Abstract
1789
Objectives Spinal fluid leakage is a difficulty diagnosis because of the intermittency and multiple possible locations. Spinal fluid blockage may prevent intrathecal application of therapeutic agents. Conventional imaging modalities suffer from low sensitivity. The bluk flow dynamics of tracer within the entire CSF pathway is thus studied to correlate with both types of flow aberrations.
Methods 276 consecutive whole-body cisternograms were retrospectively reviewed. Serial whole-body images at 1-2, 3-6, 16-20 and 22 to 25 hours were acquired using a dual-headed gamma camera. Half-lives of In-111 DTPA in CSF pathway were calculated from geometric-mean images. Correlation is made with visual image inspection, nasal pledgett counts, MRI report of CSF blocks and clinical symptoms and openning status of VP shunts valve.
Results Visual inspection found leakage in 23/66 patients. 30/66 leakage were found when nasal pledgetts were included. The half-lives of In-111 DTPA were 9.9 ± 4.1 and 8.9 ± 3.8 H for the 2 groups and those without leakage were 15.8 ± 4.8 H (P<0.001). For 10/13 patients with VP shunts, openning VP shunt valve is associated with lower T1/2= 7.1 ± 4.1 H (P<0.001).

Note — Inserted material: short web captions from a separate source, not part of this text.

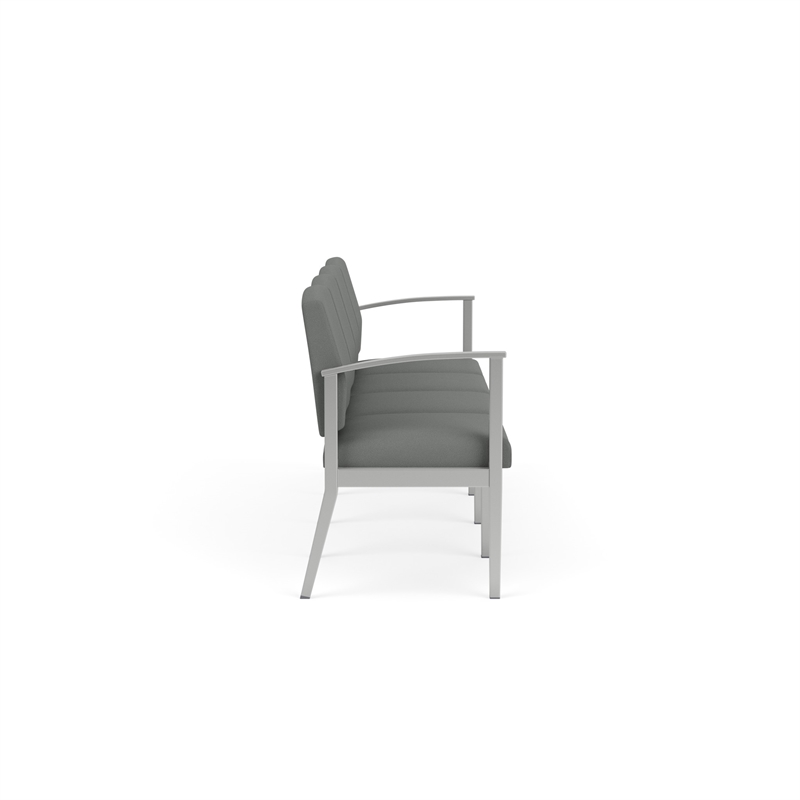 Amherst Steel Reception Waiting 4-Seat Chair / Silver Steel / Light Gray
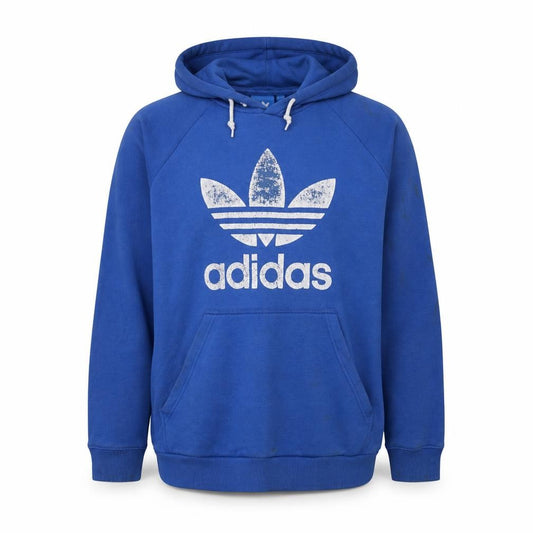 adidas Men Blue XL Pullover Hoodie with Trefoil Logo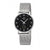Damen-Armbanduhr mit silbernem Metallarmband, schwarzem Zifferblatt und Analog-Digitalanzeige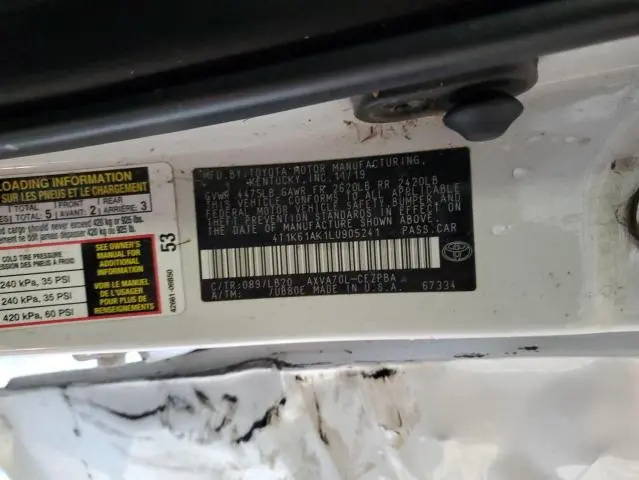 2020 TOYOTA CAMRY XSE  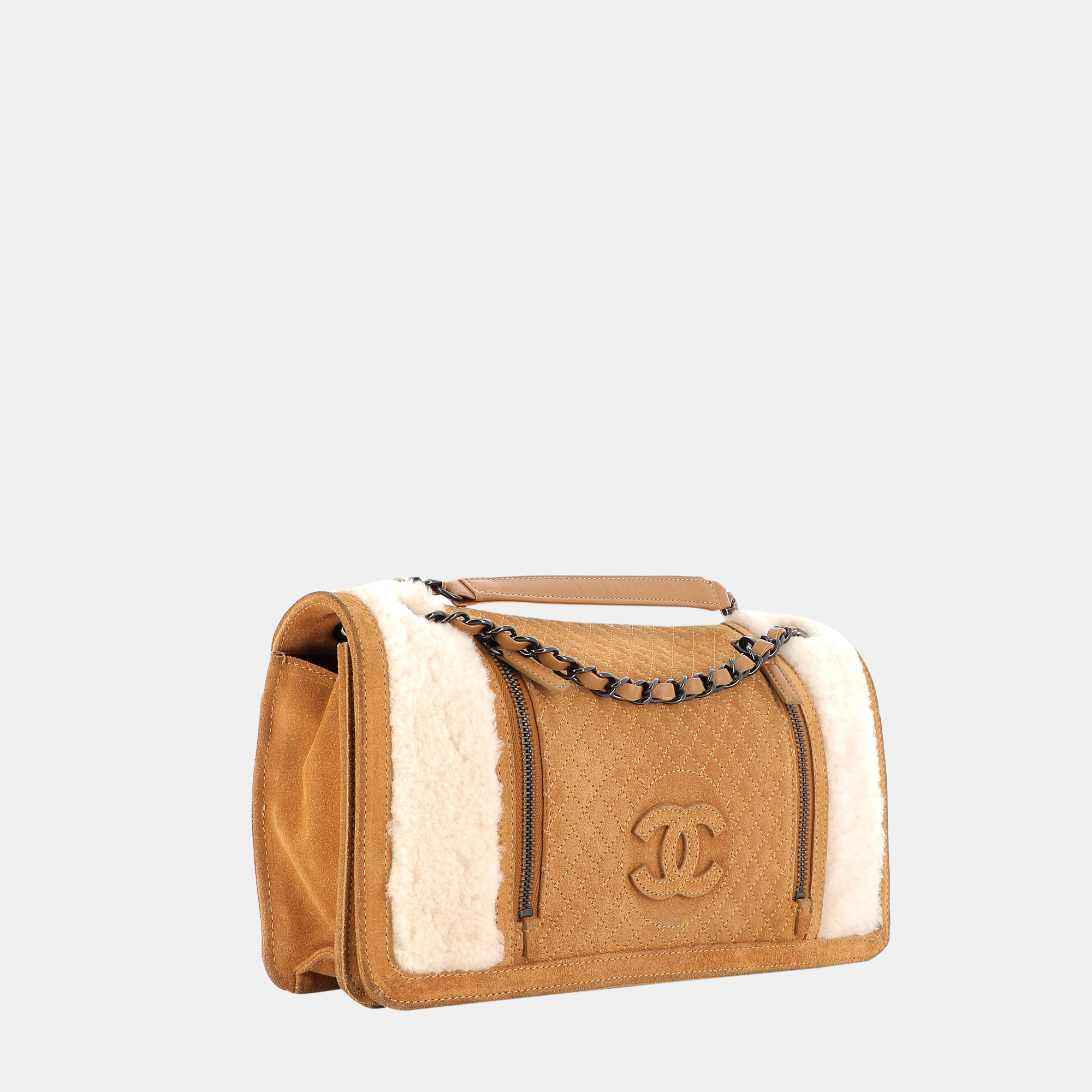 

Chanel Brown Suede and Shearling CC Flap Bag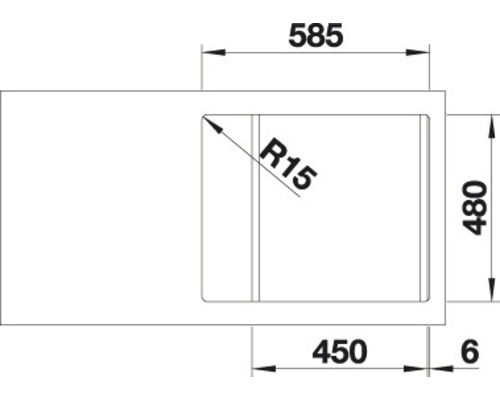 Zeichnung einer Spüle mit den Maßen 585, 480, 450 und einem Radius von 15.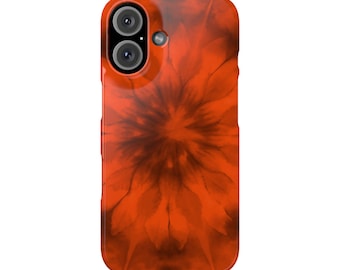 Burnt Orange Tie Dye style Slim Phone Cases for iPhone 7-16, Trendy Phone Cover, Stylish Phone Protector, Unique Phone Case Gift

CSF blockage is associated with elevated T1/2=26.5 ± 2.8 hours (P<0.001) in 3 /12 with closed VP shunt. In 33 patients with CSF block, the T1/2 (16.1 ± 7.8 H) is similar to those of 122 with no CSF block (T1/2=15.9 ± 4.7 H).
Conclusions Whole-body images for CSF clearance of tracers provides a direct and convenient method to determinate CSF leakage. Whole-body In-111 DTPA clearance rate is a useful indicator for CSF leakage but is of limited use to identify CSF blockage.